The following people have contributed to making this treebank part of UD: Lori Levin, Annie Zhang, Thomas Palakapilly, Jack Sun, Larry Zhang.
Repository: UD_English-LittlePrince
Search this treebank on-line: PML-TQ
Download all treebanks: UD 2.17
License: CC BY-SA 4.0
Genre: fiction
Questions, comments? General annotation questions (either English-specific or cross-linguistic) can be raised in the main UD issue tracker. You can report bugs in this treebank in the treebank-specific issue tracker on Github. If you want to collaborate, please contact [levin (æt) andrew • cmu • edu]. Development of the treebank happens directly in the UD repository, so you may submit bug fixes as pull requests against the dev branch.
| Annotation | Source |
|---|---|
| Lemmas | annotated manually |
| UPOS | annotated manually, natively in UD style |
| XPOS | not available |
| Features | annotated manually, natively in UD style |
| Relations | annotated manually, natively in UD style |
Description
This treebank contains manually corrected Universal Dependency annotations for 500 sentences from the English translation of The Little Prince.

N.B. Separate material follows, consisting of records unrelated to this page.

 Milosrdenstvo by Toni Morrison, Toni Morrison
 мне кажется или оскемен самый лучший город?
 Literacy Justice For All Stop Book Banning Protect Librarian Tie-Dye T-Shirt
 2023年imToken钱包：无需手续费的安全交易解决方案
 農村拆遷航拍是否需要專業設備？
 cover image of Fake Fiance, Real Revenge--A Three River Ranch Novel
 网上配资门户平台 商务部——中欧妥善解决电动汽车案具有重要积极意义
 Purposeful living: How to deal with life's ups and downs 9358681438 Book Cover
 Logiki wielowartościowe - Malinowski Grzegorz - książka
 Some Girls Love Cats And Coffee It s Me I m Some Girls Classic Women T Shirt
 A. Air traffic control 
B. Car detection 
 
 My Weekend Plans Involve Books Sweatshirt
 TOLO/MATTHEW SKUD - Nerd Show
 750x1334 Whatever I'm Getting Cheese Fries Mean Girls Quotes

This treebank is based on the English translation of The Little Prince and consists of a subset of 500 sentences (validated manually). The project was undertaken by students in the 11-422 Grammar Formalisms course at Carnegie Mellon University, taught by Prof. Lori Levin, with the aim of practicing dependency parsing and analyzing linguistic structures. We used silver parses from the English Little Prince SNACS corpus (v1.0) as a base (these were the output of the Stanza parser). We sampled 500 of these sentences and manually corrected them using ArboratorGrew for easy editing. Two annotators worked on each sentence, with approximately 25% of the sentences checked by the course coordinator. The annotations follow the Universal Dependencies guidelines and have been validated for correctness and consistency.
Acknowledgments
We would like to thank Georgetown for providing the initial silver parse of The Little Prince. We also thank Prof. Lori Levin for supervising this project and the students of 11-422 Grammar Formalisms for their dedicated work on this treebank. This project is also part of the course’s broader effort to practice syntactic theory and Universal Dependencies annotation.
References
- (citation)
Statistics of UD English LittlePrince
POS Tags
ADJ – ADP – ADV – AUX – CCONJ – DET – INTJ – NOUN – NUM – PART – PRON – PROPN – PUNCT – SCONJ – SYM – VERB
Features
Case – Definite – Degree – ExtPos – Gender – Mood – Number – NumType – Person – Polarity – Poss – PronType – Reflex – Tense – VerbForm – Voice
Relations
acl – acl:relcl – advcl – advcl:relcl – advmod – amod – appos – aux – aux:pass – case – cc – cc:preconj – ccomp – compound – compound:prt – conj – cop – csubj – det – det:predet – discourse – dislocated – expl – fixed – flat – iobj – mark – nmod – nmod:poss – nsubj – nsubj:outer – nsubj:pass – nummod – obj – obl – obl:agent – obl:npmod – obl:tmod – obl:unmarked – parataxis – punct – reparandum – root – vocative – xcomp
Tokenization and Word Segmentation
- This corpus contains 500 sentences and 6852 tokens.
- All tokens in this corpus are followed by a space.
- This corpus does not contain words with spaces.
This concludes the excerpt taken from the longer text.